TASK: For this exercise, copy exactly every line from the one holding "Le véritable sens" through the end of the data, both included. Omit pictures.
= = =
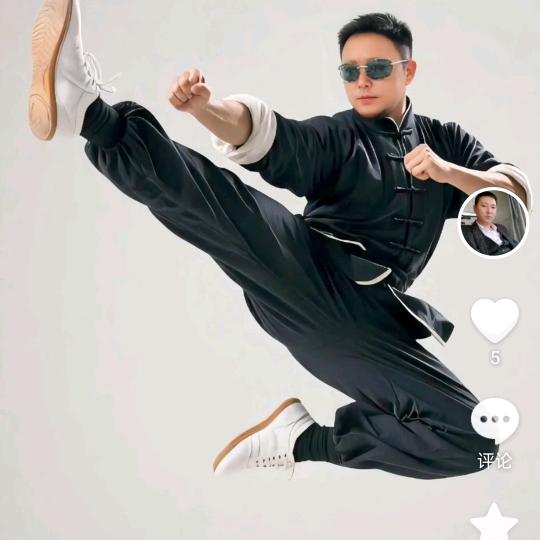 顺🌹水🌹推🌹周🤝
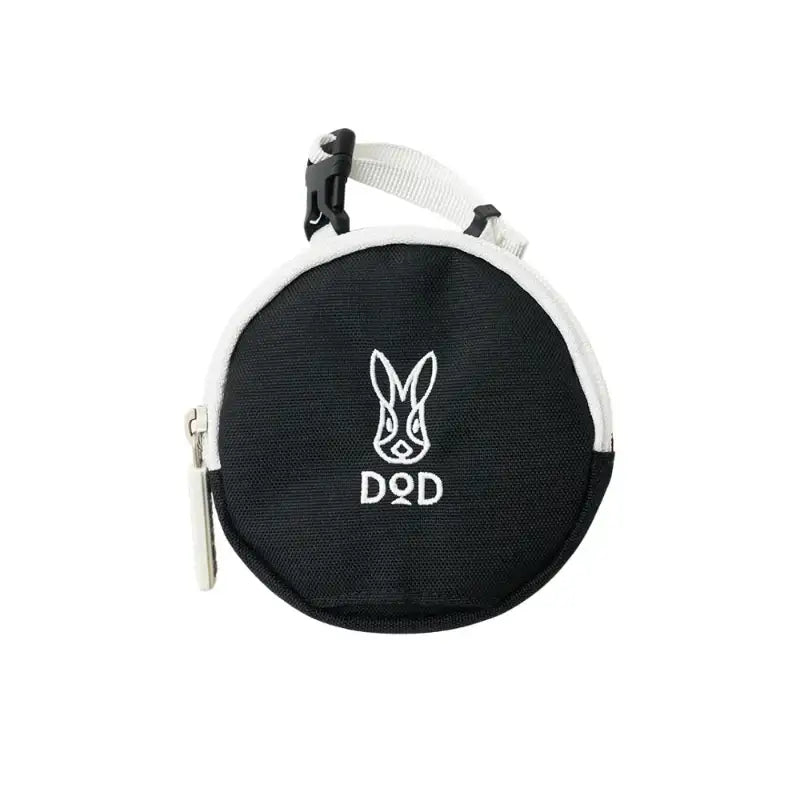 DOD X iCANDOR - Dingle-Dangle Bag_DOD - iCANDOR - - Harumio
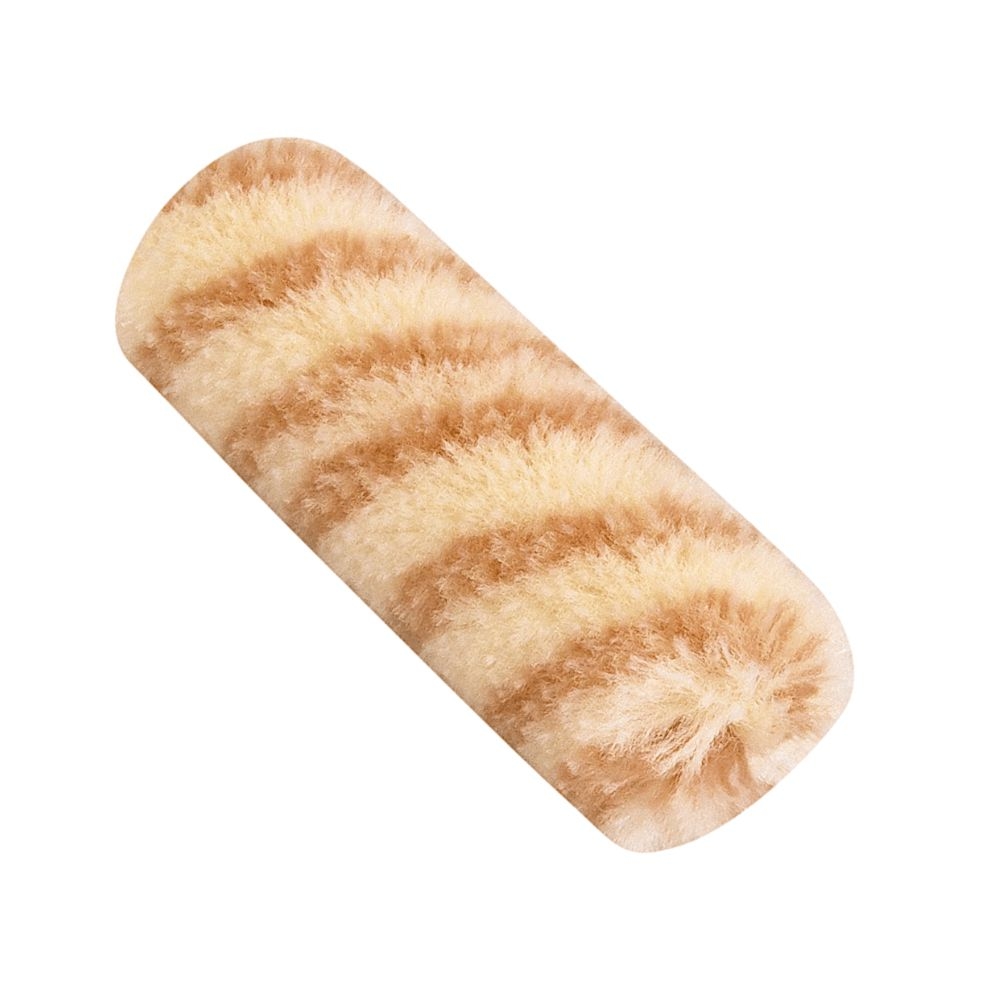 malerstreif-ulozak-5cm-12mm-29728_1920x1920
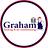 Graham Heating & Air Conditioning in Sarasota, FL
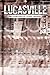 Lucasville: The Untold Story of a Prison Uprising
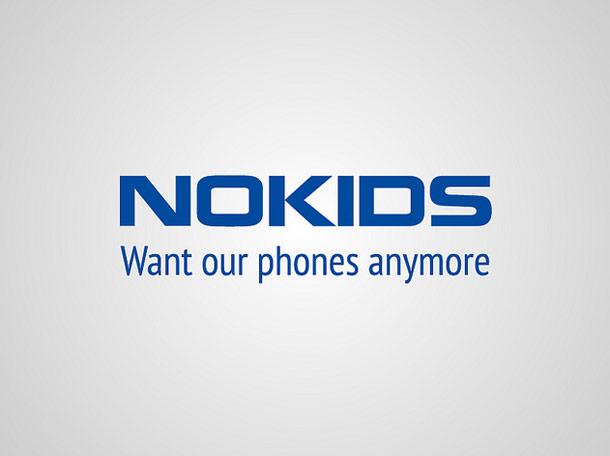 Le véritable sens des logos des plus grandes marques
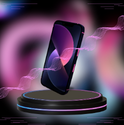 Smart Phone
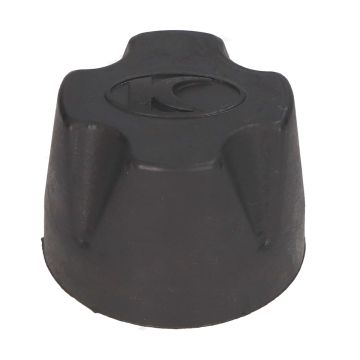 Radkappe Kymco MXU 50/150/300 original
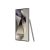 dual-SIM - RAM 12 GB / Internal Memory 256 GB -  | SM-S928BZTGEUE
= = =
REPLY TO THE TASK:
 Le véritable sens des logos des plus grandes marques
 Smart Phone
 Radkappe Kymco MXU 50/150/300 original
 dual-SIM - RAM 12 GB / Internal Memory 256 GB -  | SM-S928BZTGEUE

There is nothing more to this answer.